Eleventh cause of action for Breach of Contract
“A cause of action for breach of contract requires pleading of a contract, plaintiff’s performance or excuse for failure to perform, defendant’s breach and damage to plaintiff resulting therefrom.” (McKell v. Washington Mut., Inc. (2006) 142 Cal.App.4th 1457, 1489.) The “failure to attach or to set out verbatim the terms of the contract [is] not fatal to [a] breach of contract cause of action.” (Miles v. Deutsche Bank Nat’l Trust Co. (2015) 236 Cal.App.4th 394, 402.) Rather, “ ‘a plaintiff may plead the legal effect of the contract rather than its precise language.’ ” (Ibid., citing Construction Protective Services, Inc. v. TIG Specialty Ins. Co. (2002) 29 Cal.4th 189, 199.)
Plaintiff alleges that he entered into a written contract and/or rental agreement for the lease of Plaintiff’s Apartment Unit at Subject Apartments complex. (Complaint ¶167.) He further alleges that he made “payment of the lease price for the Plaintiff’s unit in the apartment.” (Id. ¶168.) Finally, he alleges Defendants “breached the contract by failing to provide Plaintiff a habitable unit for lodging, as evident by the presence of infestations of bed bugs, mold, rats, and other uninhabitable conditions in Plaintiff’s unit in the apartment.” (Id. ¶170.)

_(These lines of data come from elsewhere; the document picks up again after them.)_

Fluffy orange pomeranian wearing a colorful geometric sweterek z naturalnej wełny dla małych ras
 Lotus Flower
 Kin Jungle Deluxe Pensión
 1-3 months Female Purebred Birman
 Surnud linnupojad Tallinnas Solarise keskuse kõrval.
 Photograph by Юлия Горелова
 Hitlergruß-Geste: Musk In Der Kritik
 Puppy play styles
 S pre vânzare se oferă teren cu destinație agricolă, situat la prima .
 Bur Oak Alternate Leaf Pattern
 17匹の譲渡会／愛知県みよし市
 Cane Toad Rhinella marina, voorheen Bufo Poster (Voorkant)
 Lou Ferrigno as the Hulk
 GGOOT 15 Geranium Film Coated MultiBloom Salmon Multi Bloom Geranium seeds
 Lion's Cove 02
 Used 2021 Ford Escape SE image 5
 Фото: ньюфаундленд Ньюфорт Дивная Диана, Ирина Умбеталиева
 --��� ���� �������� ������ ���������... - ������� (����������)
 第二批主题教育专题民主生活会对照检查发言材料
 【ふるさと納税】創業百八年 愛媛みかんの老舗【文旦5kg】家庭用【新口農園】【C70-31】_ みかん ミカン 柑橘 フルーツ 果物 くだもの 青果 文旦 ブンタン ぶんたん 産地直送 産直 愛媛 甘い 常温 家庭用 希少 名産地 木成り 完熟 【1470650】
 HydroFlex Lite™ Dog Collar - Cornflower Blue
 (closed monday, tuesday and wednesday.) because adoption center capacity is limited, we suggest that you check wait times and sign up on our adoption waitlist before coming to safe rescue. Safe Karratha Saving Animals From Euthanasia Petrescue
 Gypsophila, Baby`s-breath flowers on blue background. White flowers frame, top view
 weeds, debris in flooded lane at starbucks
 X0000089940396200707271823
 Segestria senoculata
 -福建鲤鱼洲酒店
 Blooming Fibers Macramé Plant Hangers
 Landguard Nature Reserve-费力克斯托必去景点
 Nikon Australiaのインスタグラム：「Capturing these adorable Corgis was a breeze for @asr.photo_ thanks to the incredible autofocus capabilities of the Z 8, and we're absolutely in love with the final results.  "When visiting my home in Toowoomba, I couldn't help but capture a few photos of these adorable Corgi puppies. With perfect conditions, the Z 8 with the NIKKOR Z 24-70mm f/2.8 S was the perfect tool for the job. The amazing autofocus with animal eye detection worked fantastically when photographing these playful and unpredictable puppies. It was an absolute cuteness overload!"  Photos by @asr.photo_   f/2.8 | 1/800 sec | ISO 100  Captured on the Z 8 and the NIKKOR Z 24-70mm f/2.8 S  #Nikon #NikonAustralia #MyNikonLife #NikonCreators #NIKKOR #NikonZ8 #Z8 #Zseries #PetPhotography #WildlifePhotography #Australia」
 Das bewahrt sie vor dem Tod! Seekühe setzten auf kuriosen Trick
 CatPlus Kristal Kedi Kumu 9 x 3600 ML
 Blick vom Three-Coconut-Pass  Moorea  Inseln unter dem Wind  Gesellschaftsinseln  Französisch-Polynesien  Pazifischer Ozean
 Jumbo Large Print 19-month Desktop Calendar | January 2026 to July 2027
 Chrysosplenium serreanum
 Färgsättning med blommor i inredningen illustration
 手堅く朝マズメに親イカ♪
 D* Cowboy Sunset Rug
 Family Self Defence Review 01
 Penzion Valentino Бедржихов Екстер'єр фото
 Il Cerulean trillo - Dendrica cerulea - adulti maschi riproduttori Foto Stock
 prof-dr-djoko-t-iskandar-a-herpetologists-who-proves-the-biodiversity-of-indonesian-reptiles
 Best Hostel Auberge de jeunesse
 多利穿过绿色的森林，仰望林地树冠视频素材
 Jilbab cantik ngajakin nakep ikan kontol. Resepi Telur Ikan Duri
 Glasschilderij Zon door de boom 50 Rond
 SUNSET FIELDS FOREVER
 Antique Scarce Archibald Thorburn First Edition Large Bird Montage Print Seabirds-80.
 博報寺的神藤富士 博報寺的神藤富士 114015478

Plaintiff has alleged the existence of a written contract and the failure to attach a copy or set forth the terms verbatim is not fatal. He has alleged the legal effect of that contract and facts showing breach. Thus, the Demurrer to the eleventh cause of action is OVERRULED.
Thirteenth cause of action for Public Nuisance
“A public nuisance is one which affects at the same time an entire community or neighborhood, or any considerable number of persons, although the extent of the annoyance or damage inflicted upon individuals may be unequal.” (Civ. Code, § 3480.) A private plaintiff may bring a cause of action for public nuisance if the nuisance is “specially injurious” to the plaintiff. (Civ. Code, § 3493.)
Here, Plaintiff pleads:
“182. The above-mentioned unhabitable, unhealthy, and unsanitary conditions the community at large as these types of infestations easily spread (1) from one apartment unit to another through wall voids, plumping and electrical outlets, light switches, any cracks or voids present, etc.; (2) through personal property of those occupying the units and/or apartments, including Plaintiff’s furniture, bedding, clothing/apparel, shoes, and other personal belongings and tangible personal property that were exposed above-mentioned infestations and other uninhabitable and untenantable conditions, all of which can easily cause the spread of the infestation into the community and into another individuals’ residence thereby creating a risk of said infestations to other individuals’ homes; and (3) spread above-mentioned infestations and uninhabitable conditions from the home to the public which can affect the community at large.”
[Complaint ¶182.]
The above suggests that the mold/rat/bed bugs issue “could” affect the community at large, not that it did. There are no facts to suggest the issues existed in any other apartment but Plaintiff’s.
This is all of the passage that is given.